Storm max spout pending

Naresh picture Naresh · Jun 25, 2014 · Viewed 14.2k times · Source

This is a question regarding how Storm's max spout pending works. I currently have a spout that reads a file and emits a tuple for each line in the file (I know Storm is not the best solution for dealing with files but I do not have a choice for this problem).

I set the topology.max.spout.pending to 50k to throttle how many tuples get into the topology to be processed. However, I see this number not having any effect in the topology. I see all records in a file being emitted every time. My guess is this might be due to a loop I have in the nextTuple() method that emits all records in a file.

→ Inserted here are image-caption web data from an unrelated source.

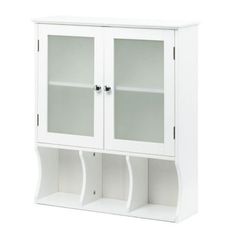 a white cabinet with two glass doors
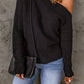 Horizontal Ribbing One-Shoulder Sweater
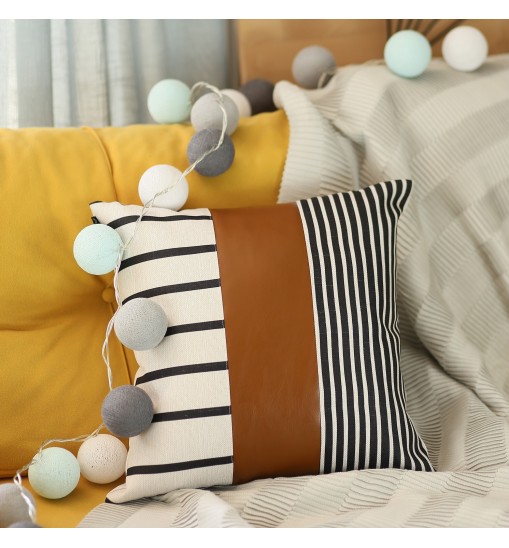 Faux Leather And Monochromatic Stripes Decorative Pillow Cover
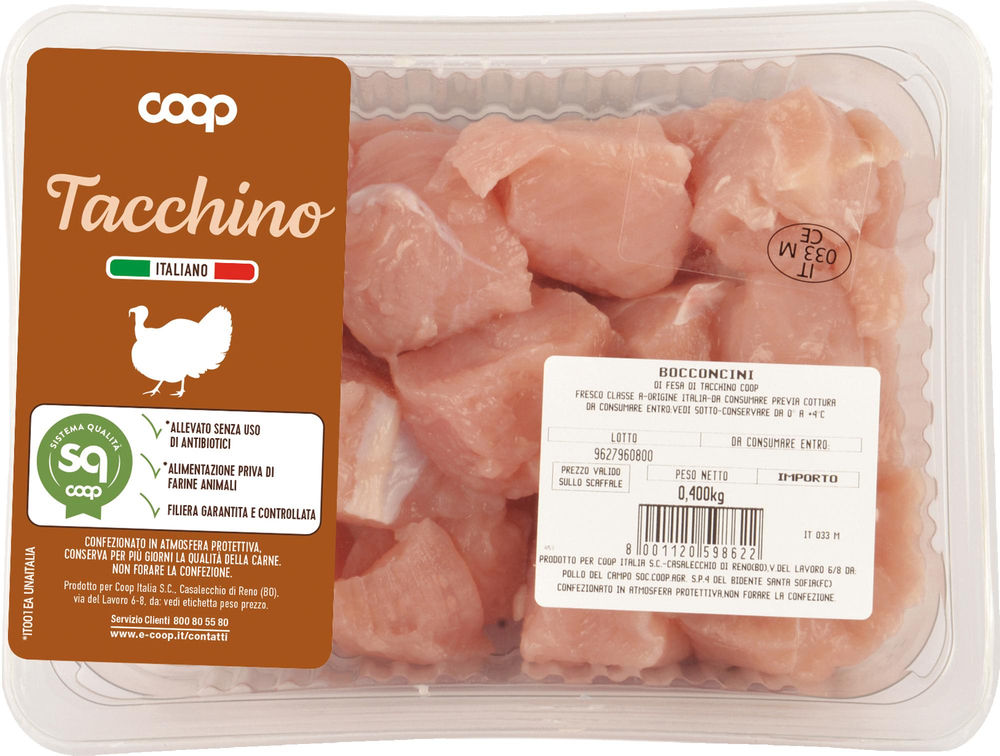 Tacchino bocconcini di fesa femmina senza uso di antibiotici atp 400 g sq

My question is: Does Storm just stop calling nextTuple() for the Spout task when topology.max.spout.pending is reached? Does this mean I should only emit one tuple every time the method is called?

Answer

John Gilmore picture John Gilmore · Jul 21, 2014

Exactly! Storm can only limit your spout with the next command, so if you transmit everything when you receive the first next, there is no way for Storm to throttle your spout.

The Storm developers recommend emitting a single tuple with a single next command. The Storm framework will then throttle your spout as needed to meet the "max spout pending" requirement. If you're emitting a high number of tuples, you can batch your emits to at most a tenth of your max spout pending, to give Storm the chance to throttle.